In the material below, find the line containing "Off-Shoulder Faux Layered" and the line containing "Consigne de sécurité", then reproduce exactly both of them and every line between, and nothing else.

=== AVAILABLE DATA ===

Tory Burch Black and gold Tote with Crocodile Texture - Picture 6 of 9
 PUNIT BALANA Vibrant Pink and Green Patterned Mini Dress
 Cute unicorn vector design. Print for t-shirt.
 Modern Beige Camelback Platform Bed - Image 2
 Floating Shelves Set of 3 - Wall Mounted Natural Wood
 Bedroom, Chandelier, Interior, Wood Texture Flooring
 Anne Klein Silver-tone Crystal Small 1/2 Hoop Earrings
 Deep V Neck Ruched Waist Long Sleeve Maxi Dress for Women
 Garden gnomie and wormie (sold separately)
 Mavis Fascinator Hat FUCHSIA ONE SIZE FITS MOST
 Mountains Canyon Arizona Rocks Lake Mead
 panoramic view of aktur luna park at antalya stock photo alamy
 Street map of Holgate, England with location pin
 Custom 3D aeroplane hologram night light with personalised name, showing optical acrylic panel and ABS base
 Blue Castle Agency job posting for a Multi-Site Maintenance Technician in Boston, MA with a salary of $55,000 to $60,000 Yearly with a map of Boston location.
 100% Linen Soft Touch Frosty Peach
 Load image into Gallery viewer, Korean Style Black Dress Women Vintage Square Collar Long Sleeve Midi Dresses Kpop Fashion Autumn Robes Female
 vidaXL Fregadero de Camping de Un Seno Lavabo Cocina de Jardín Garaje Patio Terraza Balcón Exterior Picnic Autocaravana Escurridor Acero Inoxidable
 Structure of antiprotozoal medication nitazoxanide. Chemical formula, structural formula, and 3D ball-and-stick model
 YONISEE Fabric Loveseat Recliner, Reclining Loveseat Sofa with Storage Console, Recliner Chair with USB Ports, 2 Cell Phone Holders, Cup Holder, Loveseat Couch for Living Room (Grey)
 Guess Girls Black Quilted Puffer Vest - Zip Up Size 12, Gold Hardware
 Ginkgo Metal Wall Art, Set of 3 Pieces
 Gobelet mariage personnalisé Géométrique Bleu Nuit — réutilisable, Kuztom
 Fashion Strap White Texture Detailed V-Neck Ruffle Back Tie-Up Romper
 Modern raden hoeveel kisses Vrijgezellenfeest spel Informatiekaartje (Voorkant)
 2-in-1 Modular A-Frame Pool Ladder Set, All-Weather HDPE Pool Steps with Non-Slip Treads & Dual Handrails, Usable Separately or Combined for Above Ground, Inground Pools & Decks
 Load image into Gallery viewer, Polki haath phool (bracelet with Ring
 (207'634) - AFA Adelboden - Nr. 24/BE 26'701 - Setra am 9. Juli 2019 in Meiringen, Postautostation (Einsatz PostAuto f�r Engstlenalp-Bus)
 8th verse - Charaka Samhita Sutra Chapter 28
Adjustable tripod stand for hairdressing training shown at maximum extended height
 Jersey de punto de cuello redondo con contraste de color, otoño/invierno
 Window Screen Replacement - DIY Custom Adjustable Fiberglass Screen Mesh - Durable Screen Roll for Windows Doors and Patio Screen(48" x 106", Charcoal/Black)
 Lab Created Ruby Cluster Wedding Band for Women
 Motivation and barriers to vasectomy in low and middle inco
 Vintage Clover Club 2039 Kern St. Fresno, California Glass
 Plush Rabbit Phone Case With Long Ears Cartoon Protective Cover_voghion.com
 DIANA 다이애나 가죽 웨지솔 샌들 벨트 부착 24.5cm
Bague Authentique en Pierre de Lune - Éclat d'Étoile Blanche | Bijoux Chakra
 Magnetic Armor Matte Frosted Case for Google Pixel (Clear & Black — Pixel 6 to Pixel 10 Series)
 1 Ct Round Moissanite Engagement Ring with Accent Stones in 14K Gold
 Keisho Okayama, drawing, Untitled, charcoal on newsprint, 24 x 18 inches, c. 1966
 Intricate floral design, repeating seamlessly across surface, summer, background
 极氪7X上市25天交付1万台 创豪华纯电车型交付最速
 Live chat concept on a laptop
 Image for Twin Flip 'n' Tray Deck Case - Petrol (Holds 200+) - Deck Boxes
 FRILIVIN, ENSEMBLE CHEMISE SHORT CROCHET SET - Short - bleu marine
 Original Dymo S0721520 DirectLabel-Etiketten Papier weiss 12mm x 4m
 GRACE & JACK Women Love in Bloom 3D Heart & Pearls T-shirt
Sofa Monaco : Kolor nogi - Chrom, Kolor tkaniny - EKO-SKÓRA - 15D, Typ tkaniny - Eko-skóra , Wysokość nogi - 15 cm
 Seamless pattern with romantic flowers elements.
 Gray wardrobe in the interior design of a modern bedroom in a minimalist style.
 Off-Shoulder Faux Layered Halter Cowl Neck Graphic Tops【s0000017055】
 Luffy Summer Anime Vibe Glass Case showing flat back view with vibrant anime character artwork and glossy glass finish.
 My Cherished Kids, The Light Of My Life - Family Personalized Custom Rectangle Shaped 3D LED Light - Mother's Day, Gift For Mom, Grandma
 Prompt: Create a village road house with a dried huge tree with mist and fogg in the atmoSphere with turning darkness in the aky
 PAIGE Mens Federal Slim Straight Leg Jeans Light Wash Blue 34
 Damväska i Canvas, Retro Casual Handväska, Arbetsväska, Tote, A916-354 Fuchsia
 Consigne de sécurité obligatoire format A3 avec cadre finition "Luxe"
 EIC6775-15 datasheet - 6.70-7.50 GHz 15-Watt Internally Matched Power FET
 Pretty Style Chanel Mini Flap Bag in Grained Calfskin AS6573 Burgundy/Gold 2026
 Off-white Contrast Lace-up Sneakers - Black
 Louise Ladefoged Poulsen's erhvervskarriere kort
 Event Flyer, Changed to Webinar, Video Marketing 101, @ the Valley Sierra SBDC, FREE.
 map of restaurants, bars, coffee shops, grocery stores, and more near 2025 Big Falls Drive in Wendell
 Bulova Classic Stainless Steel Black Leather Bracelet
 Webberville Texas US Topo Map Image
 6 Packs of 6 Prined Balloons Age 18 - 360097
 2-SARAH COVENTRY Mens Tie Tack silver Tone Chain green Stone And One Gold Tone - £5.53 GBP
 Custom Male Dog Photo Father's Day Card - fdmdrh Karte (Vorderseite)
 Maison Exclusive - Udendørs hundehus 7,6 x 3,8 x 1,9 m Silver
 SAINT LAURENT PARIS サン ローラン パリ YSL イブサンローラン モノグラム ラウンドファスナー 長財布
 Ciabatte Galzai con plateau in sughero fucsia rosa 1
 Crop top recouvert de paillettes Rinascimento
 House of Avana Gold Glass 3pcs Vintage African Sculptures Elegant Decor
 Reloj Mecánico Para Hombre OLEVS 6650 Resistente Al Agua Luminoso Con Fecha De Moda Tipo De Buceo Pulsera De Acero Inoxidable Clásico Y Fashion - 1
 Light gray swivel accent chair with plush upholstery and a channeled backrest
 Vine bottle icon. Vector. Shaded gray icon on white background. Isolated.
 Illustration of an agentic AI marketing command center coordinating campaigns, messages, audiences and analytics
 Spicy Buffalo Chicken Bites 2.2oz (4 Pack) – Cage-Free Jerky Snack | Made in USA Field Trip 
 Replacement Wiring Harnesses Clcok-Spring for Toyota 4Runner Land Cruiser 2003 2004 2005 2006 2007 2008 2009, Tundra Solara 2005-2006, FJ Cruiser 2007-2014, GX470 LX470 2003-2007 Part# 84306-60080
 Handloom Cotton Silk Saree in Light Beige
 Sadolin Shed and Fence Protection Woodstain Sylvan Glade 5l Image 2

===

- [EXERCISE RESPONSE]
 Off-Shoulder Faux Layered Halter Cowl Neck Graphic Tops【s0000017055】
 Luffy Summer Anime Vibe Glass Case showing flat back view with vibrant anime character artwork and glossy glass finish.
 My Cherished Kids, The Light Of My Life - Family Personalized Custom Rectangle Shaped 3D LED Light - Mother's Day, Gift For Mom, Grandma
 Prompt: Create a village road house with a dried huge tree with mist and fogg in the atmoSphere with turning darkness in the aky
 PAIGE Mens Federal Slim Straight Leg Jeans Light Wash Blue 34
 Damväska i Canvas, Retro Casual Handväska, Arbetsväska, Tote, A916-354 Fuchsia
 Consigne de sécurité obligatoire format A3 avec cadre finition "Luxe"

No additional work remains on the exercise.